== Entries shown ==

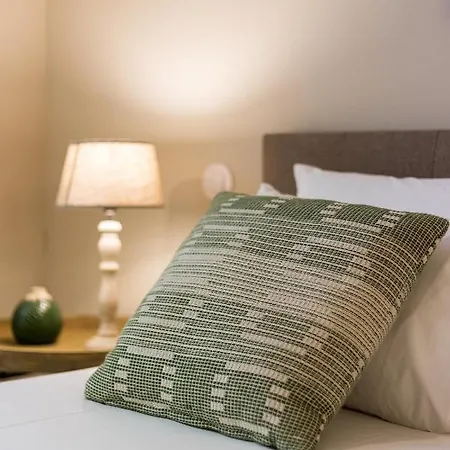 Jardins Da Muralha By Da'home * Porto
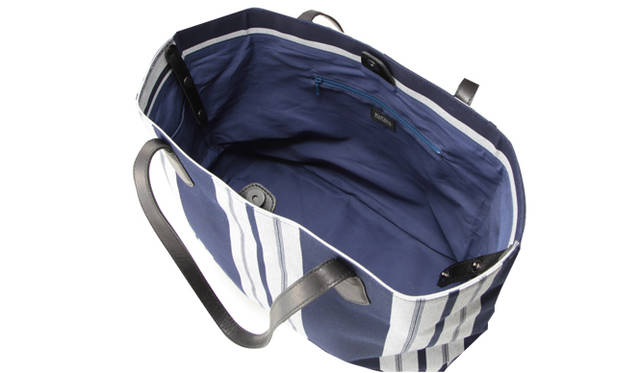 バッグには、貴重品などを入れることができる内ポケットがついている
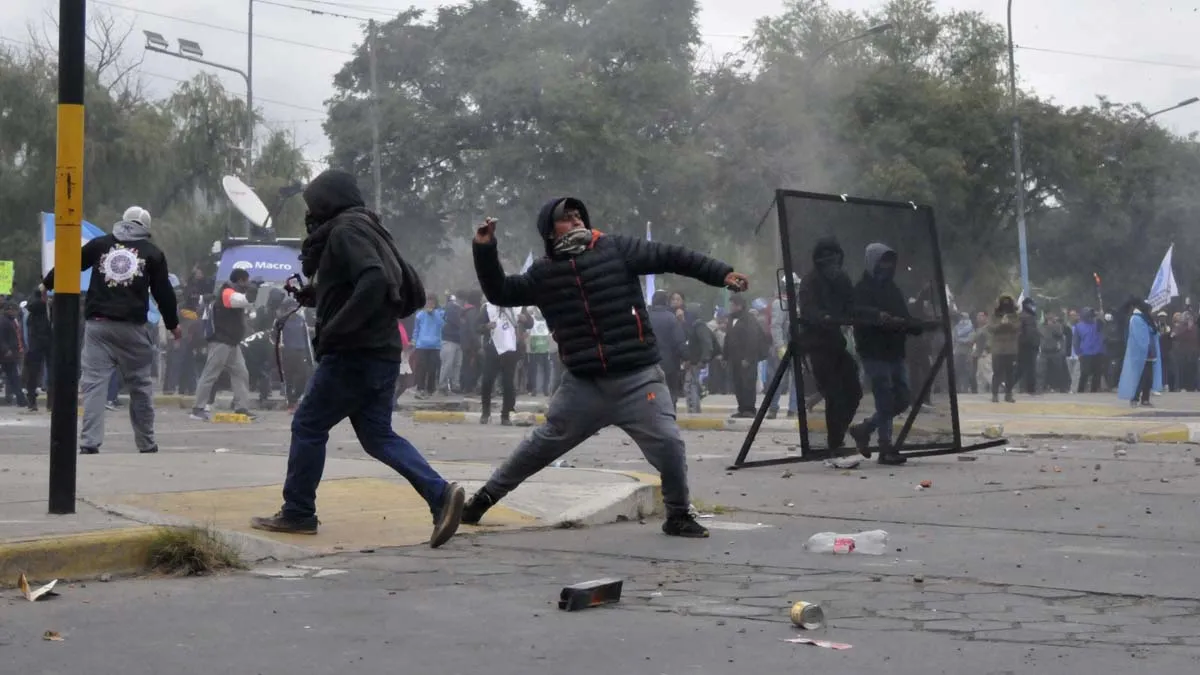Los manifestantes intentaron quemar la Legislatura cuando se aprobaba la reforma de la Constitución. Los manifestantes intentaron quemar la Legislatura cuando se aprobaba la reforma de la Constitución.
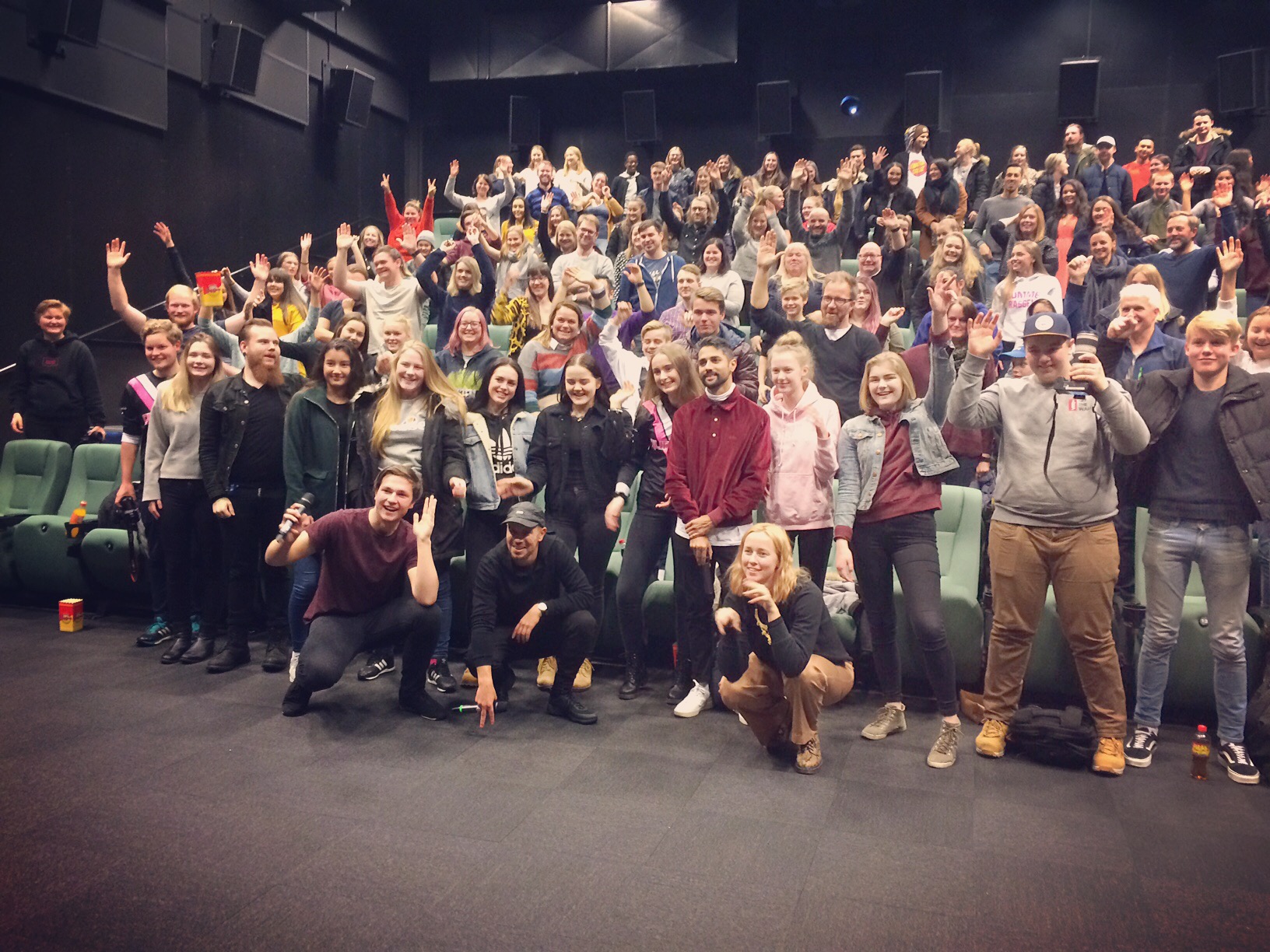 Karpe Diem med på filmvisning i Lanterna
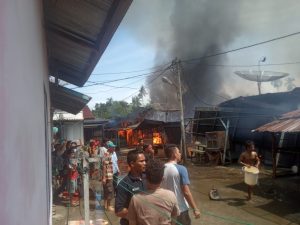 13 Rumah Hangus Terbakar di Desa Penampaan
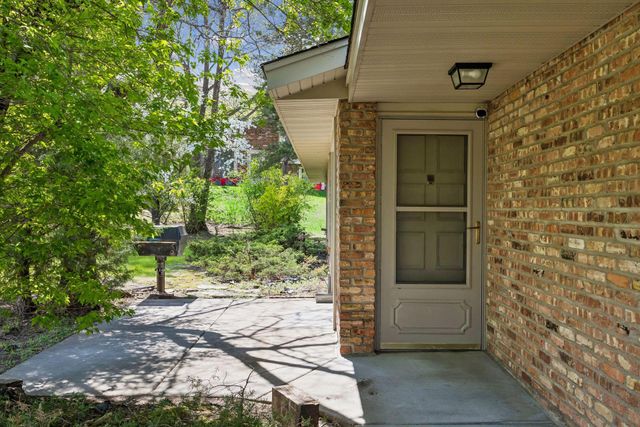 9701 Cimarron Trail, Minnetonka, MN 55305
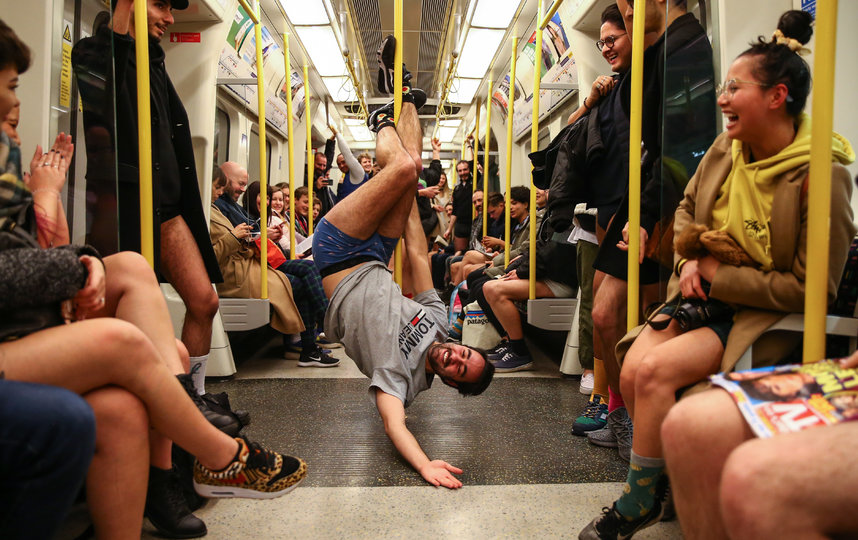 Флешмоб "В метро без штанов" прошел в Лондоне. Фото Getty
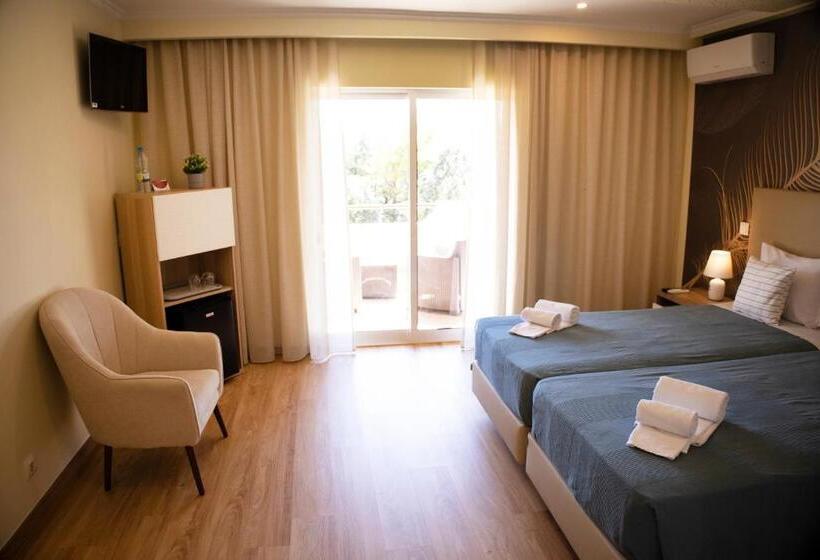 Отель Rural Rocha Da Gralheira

===

| What needs to be done |
Please retype exactly the lines from the line containing "バッグには、貴重品などを入れることができる内ポケットがついている" through the final line of the records above, inclusive, leaving out any pictures.

| Expected answer |
 バッグには、貴重品などを入れることができる内ポケットがついている
Los manifestantes intentaron quemar la Legislatura cuando se aprobaba la reforma de la Constitución. Los manifestantes intentaron quemar la Legislatura cuando se aprobaba la reforma de la Constitución.
 Karpe Diem med på filmvisning i Lanterna
 13 Rumah Hangus Terbakar di Desa Penampaan
 9701 Cimarron Trail, Minnetonka, MN 55305
 Флешмоб "В метро без штанов" прошел в Лондоне. Фото Getty
 Отель Rural Rocha Da Gralheira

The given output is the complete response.